Recorded data:
□ □ □ □ □

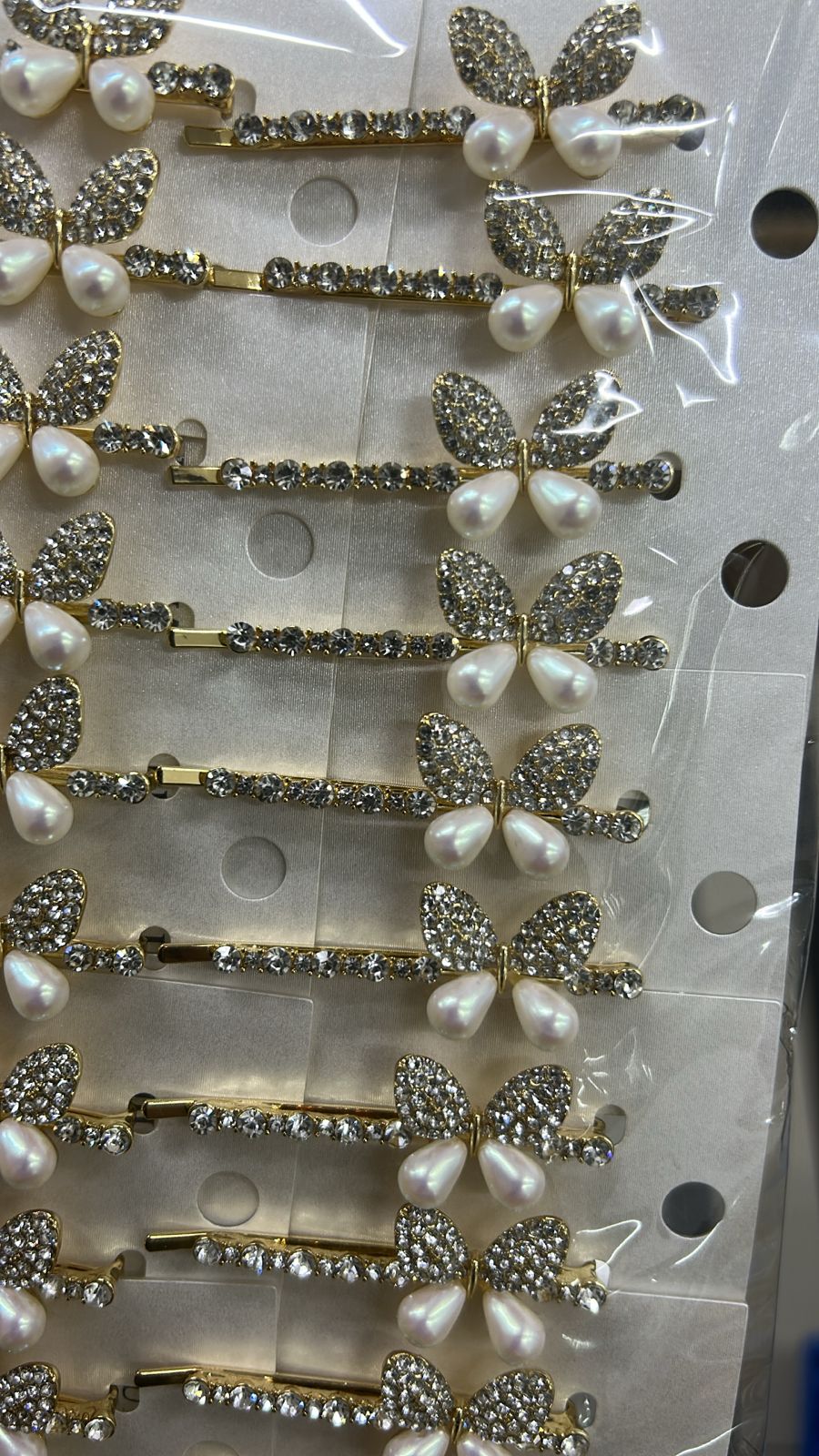 Grampo metal cravejado com borboleta pérola (12 cartelas com 2 peças cada)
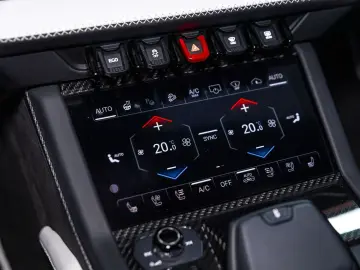 LAMBORGHINI Urus SE MY2025
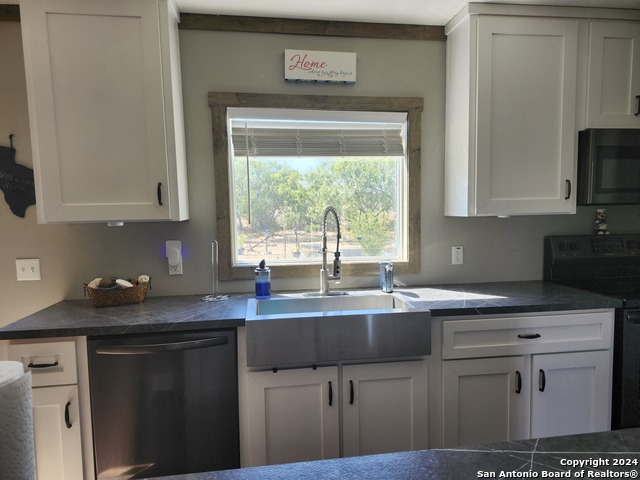 694 Las Palomas Property Photo 7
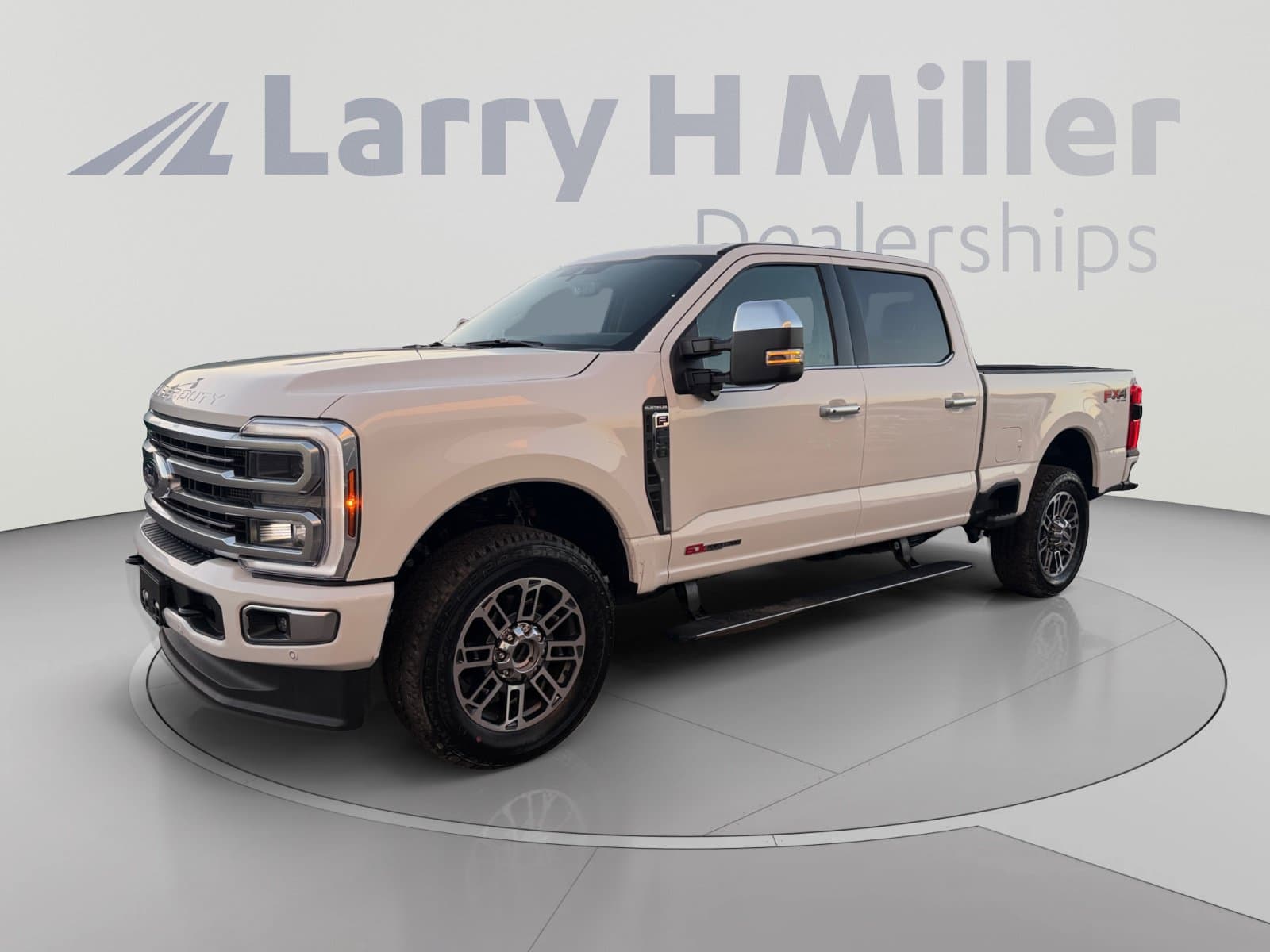2026 Ford Super Duty F-250 SRW Platinum — photo 1 of 36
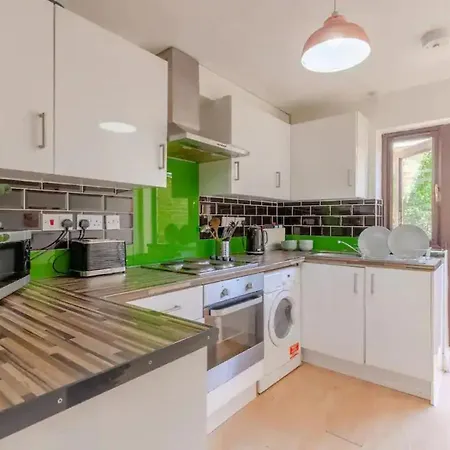 Holiday home Bright 2 Bedroom House In Kennington *
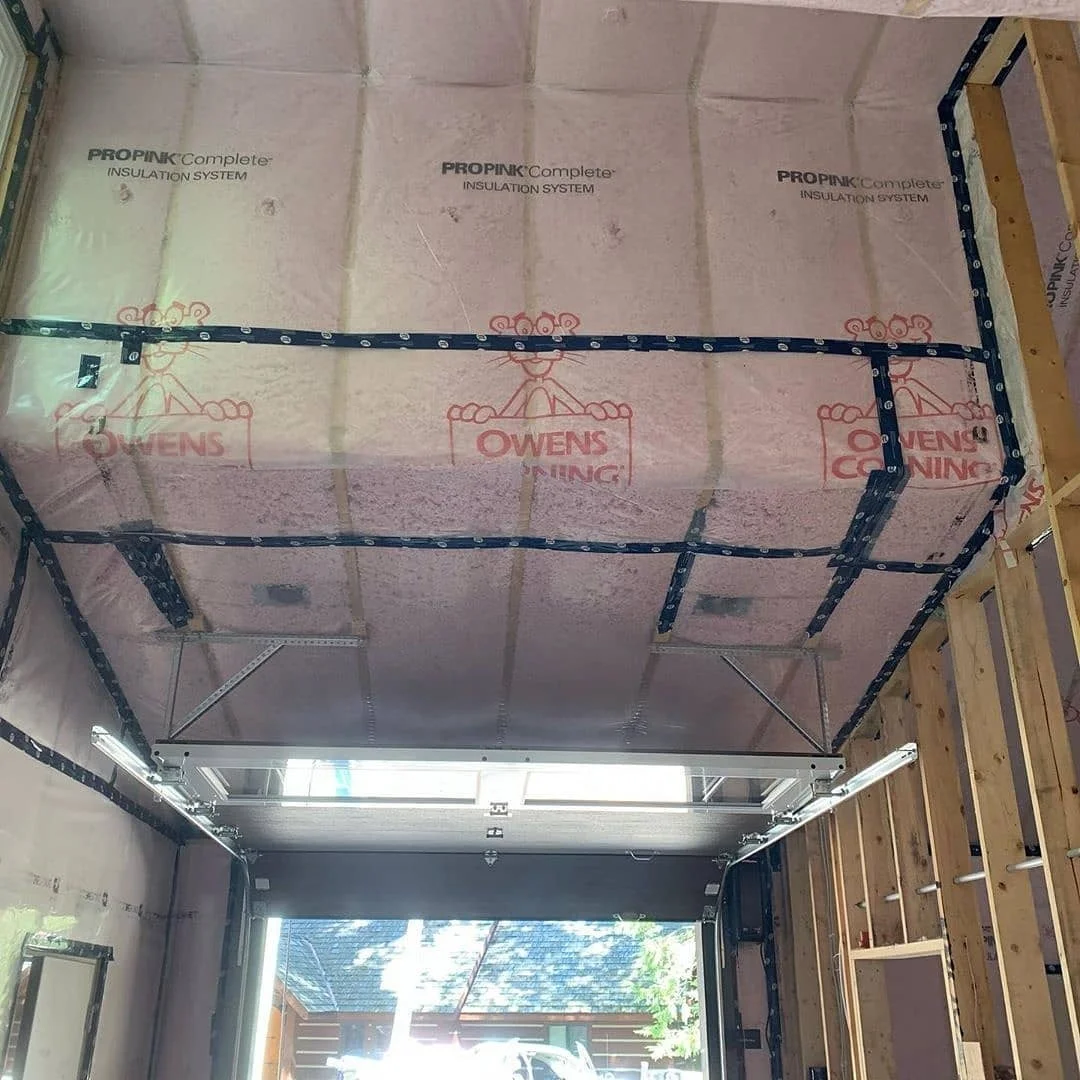 Sealing And Seaming Polyethylene Vapor Barrier Sealing Tuck Tape Blue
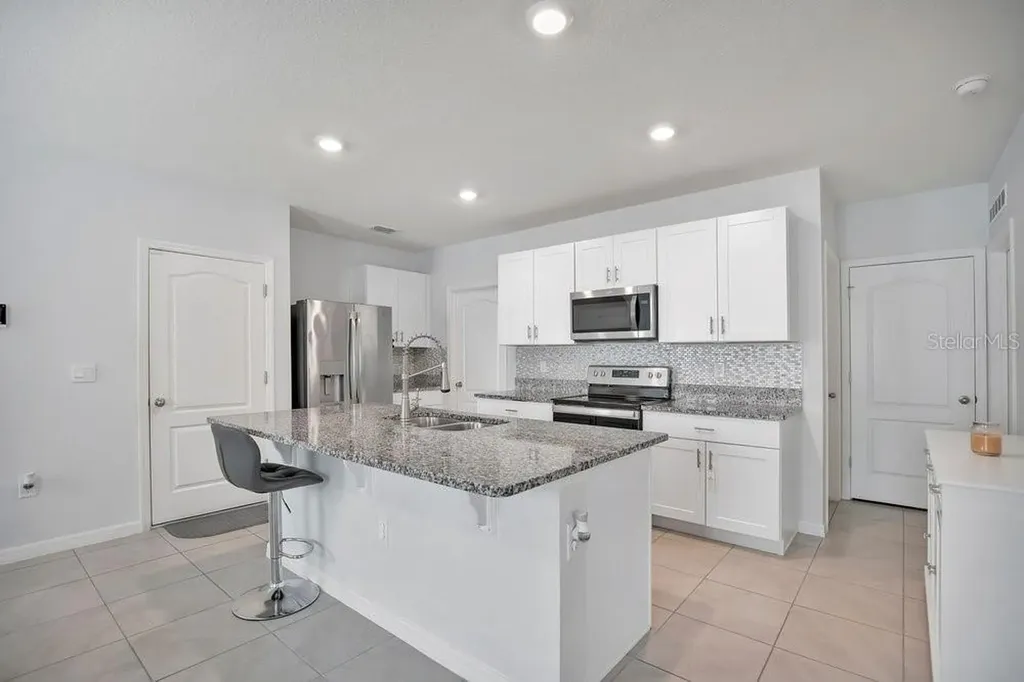 410 Lady Bella Place Deland FL 32724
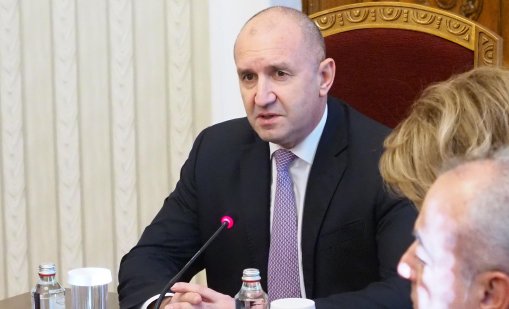 Радев ще се срещне с БСП и ИТН за консултации след оставката на кабинета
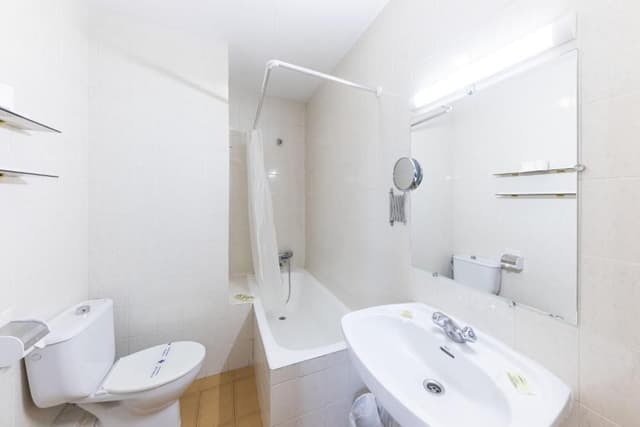 Three-Bedroom Apartment (3 Adults)
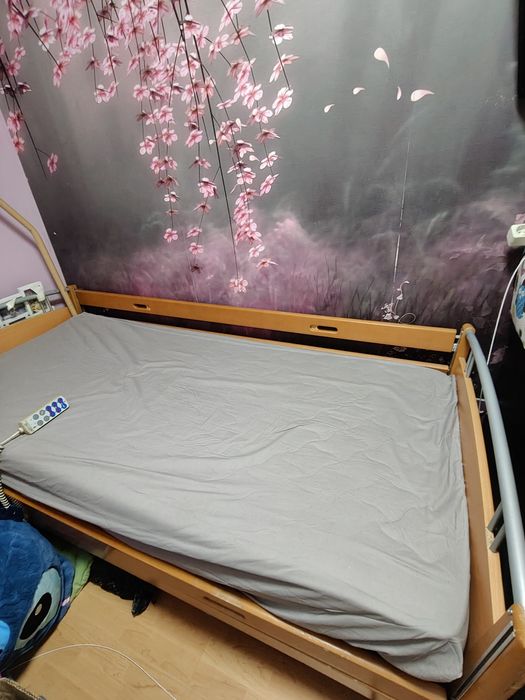 Електрическо болнично легло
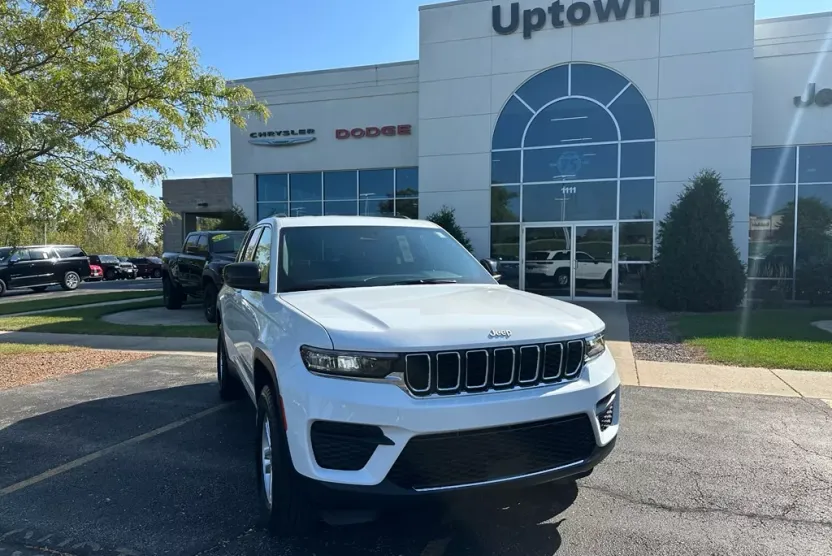 2025 Jeep Grand Cherokee Laredo photo 1
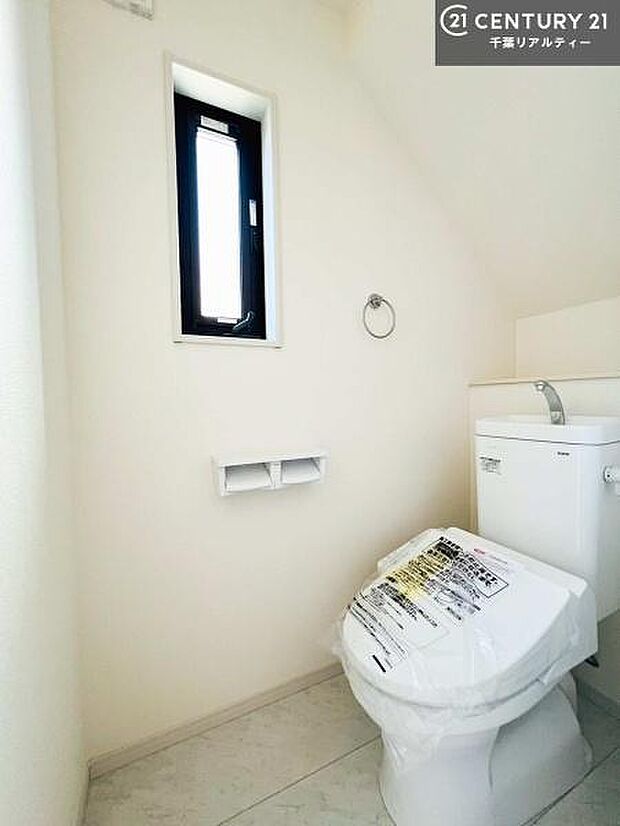 清潔感のある色味のお手洗いです！さわやかでスッキリする空間です！白を基調としているので、お手入れがしやすいトイレです！（施工例）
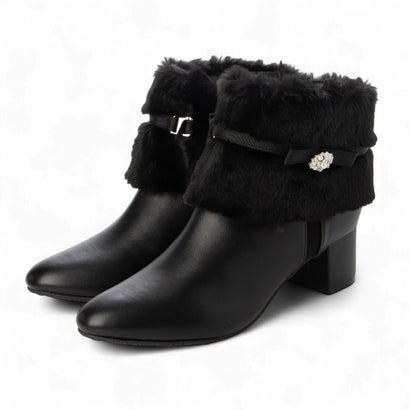 ピッティ Pitti 4WAYファービジューリボンベルトショートブーツ （ブラック）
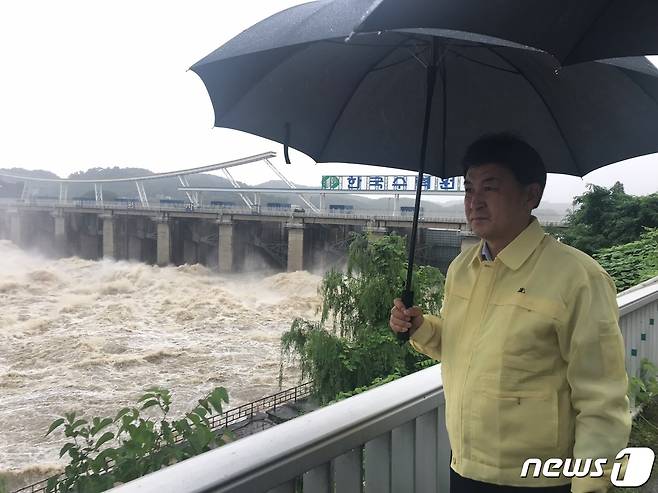 방세환 당선인이 팔당댐 방류 상황을 살펴보고 있다.(인수위측 제공) © News1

□ □ □ □ □

Task to carry out:
Go down the entries above from the line containing "LAMBORGHINI Urus SE MY2025" to the line containing "Електрическо болнично легло" and write out each line exactly, leaving pictures out.

Result:
 LAMBORGHINI Urus SE MY2025
 694 Las Palomas Property Photo 7
2026 Ford Super Duty F-250 SRW Platinum — photo 1 of 36
 Holiday home Bright 2 Bedroom House In Kennington *
 Sealing And Seaming Polyethylene Vapor Barrier Sealing Tuck Tape Blue
 410 Lady Bella Place Deland FL 32724
 Радев ще се срещне с БСП и ИТН за консултации след оставката на кабинета
 Three-Bedroom Apartment (3 Adults)
 Електрическо болнично легло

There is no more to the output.